Saturday, April 24, 2021

the value of woodwork....

Pete Moorhouse has been engaged in researching the value of woodworking in early childhood education and his ongoing study can be found here: 

The results of woodworking in school are well known here at the Clear Spring School, measured in the joy our students feel in response to their own efforts and deep engagement.

In Matthew Crawford's book about the world beyond our heads, he dedicated his concluding chapter to the quote from this blog that he used as the opening quotation in his first book, Shop Class as Soulcraft. 

In Schools we create artificial learning environments for our children that they know to be contrived and undeserving of their full attention and engagement… Without the opportunity to learn through the hands, the world remains abstract, and distant, and the passions for learning will not be engaged. --Wisdom of the Hands blog post of October 16, 2006

 There's a good reason that Crawford found my observation useful. It's true. Passionate engagement in learning is of primary importance, and passionate engagement comes from the empowerment to do real things. So there are two important strategies. Provide students real things to do in school that engage their imaginations and encourage the creation of useful beauty. The second strategy involves an effort to connect the school with real life. Field trips are useful, as are internships for the older students that lead them to real life experiences outside the school walls. 
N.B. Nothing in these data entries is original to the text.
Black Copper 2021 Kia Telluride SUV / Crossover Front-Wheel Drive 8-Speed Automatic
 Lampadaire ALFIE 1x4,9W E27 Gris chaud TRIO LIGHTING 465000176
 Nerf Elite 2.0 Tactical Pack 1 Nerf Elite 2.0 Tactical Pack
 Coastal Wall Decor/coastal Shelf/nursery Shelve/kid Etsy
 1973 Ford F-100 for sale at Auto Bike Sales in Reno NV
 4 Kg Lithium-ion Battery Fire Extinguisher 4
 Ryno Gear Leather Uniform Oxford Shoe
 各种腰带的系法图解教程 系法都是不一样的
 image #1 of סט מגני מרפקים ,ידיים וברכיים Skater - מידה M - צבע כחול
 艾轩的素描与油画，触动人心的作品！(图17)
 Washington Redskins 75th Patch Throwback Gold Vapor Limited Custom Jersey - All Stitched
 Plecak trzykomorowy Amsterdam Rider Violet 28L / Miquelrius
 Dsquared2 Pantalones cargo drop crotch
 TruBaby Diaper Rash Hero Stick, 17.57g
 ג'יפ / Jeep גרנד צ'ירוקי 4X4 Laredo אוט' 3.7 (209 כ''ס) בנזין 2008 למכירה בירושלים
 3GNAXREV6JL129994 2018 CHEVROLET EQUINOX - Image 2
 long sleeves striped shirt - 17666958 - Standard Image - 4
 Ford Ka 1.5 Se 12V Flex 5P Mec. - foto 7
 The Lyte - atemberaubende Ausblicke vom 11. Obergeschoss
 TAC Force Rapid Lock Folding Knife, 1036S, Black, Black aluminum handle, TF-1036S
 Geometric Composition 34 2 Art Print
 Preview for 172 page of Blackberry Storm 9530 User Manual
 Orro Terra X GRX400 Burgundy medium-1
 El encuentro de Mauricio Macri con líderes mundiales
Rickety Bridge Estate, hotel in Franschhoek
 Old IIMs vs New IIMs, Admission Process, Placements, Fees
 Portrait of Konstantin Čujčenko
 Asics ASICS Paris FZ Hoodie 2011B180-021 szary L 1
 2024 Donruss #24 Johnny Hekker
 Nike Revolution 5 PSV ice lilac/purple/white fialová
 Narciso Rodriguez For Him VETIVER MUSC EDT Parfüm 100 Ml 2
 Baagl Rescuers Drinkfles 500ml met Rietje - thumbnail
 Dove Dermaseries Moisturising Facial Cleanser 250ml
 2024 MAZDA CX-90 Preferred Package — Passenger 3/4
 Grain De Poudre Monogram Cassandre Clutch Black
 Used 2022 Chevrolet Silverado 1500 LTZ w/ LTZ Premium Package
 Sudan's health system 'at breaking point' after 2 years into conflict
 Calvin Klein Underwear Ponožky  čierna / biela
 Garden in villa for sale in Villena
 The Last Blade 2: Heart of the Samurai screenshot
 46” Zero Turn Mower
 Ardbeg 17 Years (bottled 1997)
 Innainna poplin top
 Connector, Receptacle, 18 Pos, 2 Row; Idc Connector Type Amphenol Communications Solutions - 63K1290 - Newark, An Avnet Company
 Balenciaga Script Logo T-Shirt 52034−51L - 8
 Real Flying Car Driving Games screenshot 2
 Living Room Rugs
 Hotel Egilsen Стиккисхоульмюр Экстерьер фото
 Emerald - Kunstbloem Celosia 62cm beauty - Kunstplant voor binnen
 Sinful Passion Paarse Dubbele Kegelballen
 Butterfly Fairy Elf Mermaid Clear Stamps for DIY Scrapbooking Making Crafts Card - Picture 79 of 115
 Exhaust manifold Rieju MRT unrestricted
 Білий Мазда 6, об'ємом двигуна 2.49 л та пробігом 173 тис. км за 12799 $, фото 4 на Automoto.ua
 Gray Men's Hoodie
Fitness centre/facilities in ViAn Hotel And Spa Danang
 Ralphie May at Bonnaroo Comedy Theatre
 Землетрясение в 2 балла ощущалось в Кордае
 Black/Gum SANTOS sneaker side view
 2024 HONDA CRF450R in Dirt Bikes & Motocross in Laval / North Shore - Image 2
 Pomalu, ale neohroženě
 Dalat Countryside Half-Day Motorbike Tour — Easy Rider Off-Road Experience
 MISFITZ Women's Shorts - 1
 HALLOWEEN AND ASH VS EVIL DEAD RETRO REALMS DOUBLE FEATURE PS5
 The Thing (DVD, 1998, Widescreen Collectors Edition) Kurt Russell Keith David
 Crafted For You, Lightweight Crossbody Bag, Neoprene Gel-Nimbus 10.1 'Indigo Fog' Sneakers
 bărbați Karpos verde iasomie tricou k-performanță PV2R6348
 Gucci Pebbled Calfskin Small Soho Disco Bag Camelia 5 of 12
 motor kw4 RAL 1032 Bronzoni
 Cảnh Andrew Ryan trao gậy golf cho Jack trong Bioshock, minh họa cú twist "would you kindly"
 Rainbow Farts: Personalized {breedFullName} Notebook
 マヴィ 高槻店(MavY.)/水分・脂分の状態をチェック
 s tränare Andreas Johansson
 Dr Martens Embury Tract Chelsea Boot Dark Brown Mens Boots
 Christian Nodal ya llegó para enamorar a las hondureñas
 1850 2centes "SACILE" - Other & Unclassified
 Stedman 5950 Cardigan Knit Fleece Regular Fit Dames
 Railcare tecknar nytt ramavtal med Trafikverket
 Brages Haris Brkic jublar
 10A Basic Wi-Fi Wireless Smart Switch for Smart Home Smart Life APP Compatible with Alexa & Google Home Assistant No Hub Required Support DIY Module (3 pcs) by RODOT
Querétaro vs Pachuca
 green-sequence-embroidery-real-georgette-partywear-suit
And so of course there's value in woodworking. There's also value in sewing, and in building from cardboard, and in making art. Those things can form a backbone for schooling that keeps children passionately engaged. And passionate engagement forms the bridge though which all the other important subjects flow. It can be said, even if I'm saying it here for the very first time, that if you want a child to read, give him a hammer. 

This week I gave our lower elementary school teacher a big cardboard box. He asked his students to come up with ideas about what that box could become. One said, "a time capsule." Another said "a rocket to Mars." And in minutes each student had expressed ideas about what that box could become. But could they settle among themselves on a single thing? It was soon named "the magic box" because it could become all those things, serving the ideas of all in turn or even at the same time. And so I've been invited to come and see what it's become.

Make, fix and create. Assist others in learning likewise.